2. Anatomy of a Primary Source
Last updated
Last updated
A primary source is anything which can be considered evidence for a particular period of history and can include written texts, oral testimony, music, paintings, architecture, or material remains such as tools, furniture and dress. Most historians rely largely on written sources, called documents. As primary sources, documents need to be distinguished from secondary sources, such as a textbook (a book written by a professional scholar for students) and more advanced research texts called monographs (a book written by a professional scholar for other academic researchers and upper-level students of history), or articles published by professional scholars in research publications (periodicals, journals). In general, secondary sources rely on the selection, interpretation and analysis of primary sources to make an argument about the past. Bear in mind that no single document can ever render a complete account of the past – usually historians use many different sources, and different kinds of sources to make their argument stronger.
Documents rarely “tell their own story”. They require analysis and interpretation by historians – this is your job. Since every document is different and also sheds light on a variety of matters, it will be necessary for you to select one topic that can reasonably discussed given your text(s). In a structured argument, your paper should describe accurately the information contained in the document(s) and what can be learned from them. Your paper should not simply paraphrase or retell the source text(s), but must organize a selection of material into an argument.
Here is a simple visualization how historians use sources:
The world of the past is vast and, ultimately unknowable in its entirety. We depend on attempts to record and represent the world of the past when we write history.
Primary Sources are records that are created in the past. For understanding twelfth-century monks, for example, a historian might read a legal agreement between a donor and a monastery, could draw on archaeological remains from the monastery (such as sculpture or pottery fragments) or look at images of the monastery in contemporary manuscripts. Key here is the word "contemporary" i.e. records that are from the same (co) + time (tempus) as the events being studies.

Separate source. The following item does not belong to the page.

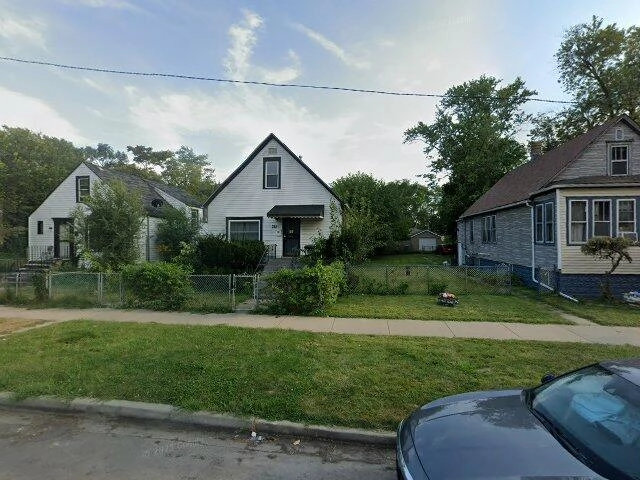 House image located at Chicago, IL 60628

What we consider a primary source is relative. A nineteenth-century history of a twelfth-century monastery (which we would consider a secondary source) can also be a primary source – if we were studying "nineteenth-century attitudes to the Middle Ages".
Secondary sources are attempts by people (often historians, but not always) to look back and describe/ understand the past. Usually historians base their arguments and representations of the past on primary sources, but they often also refer to other secondary sources that have already been written by their time.

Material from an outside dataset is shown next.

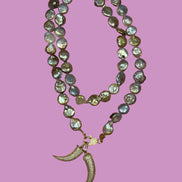 Collana TALISMANI con PERLE coltivate pastiglia barocche - chiusura gioiello Argento 925 - cm 85 - con charms Corni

They can take the form of:
conference presentations (the usual first step of academic inquiry is to present initial findings and thoughts in a 15-30 minute talk at a scholarly conference).
journal articles (usually narrowly-focused write up of research; can also be survey of other secondary sources - i.e. a "literature review").

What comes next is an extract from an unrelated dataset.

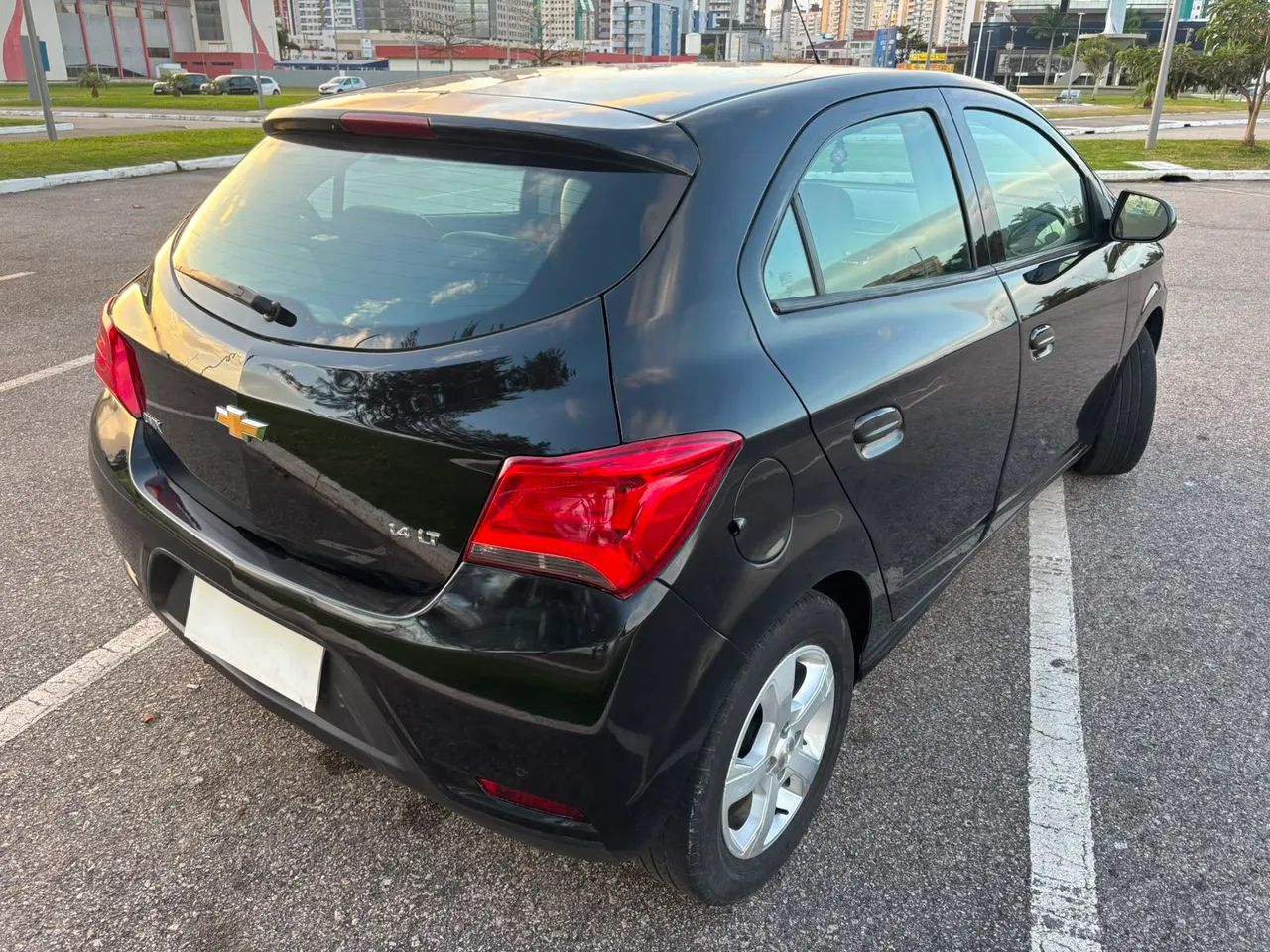 Chevrolet Onix Hatch LT 1.4 8V Flex Mec. 4P 2019 - Foto 4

monographs (a book written on a single topic; parts of it might originally have been written up as different articles)
edited volumes (a collection of essays and articles written by several people loosely organized around a single theme. Often are proceedings from conferences).
Tertiary sources are attempts to summarize what has been argued in secondary sources without engaging in original research on its own. These are sources like encyclopedias or dictionaries. They do not attempt to be cutting edge but rather summarize what is generally understood in reputable scholarship about a topic. This is why you will see on Wikipedia, for example, that an article is criticized for containing "original thought" (i.e. trying to be a secondary source) which is something Wikipedia seeks to prohibit.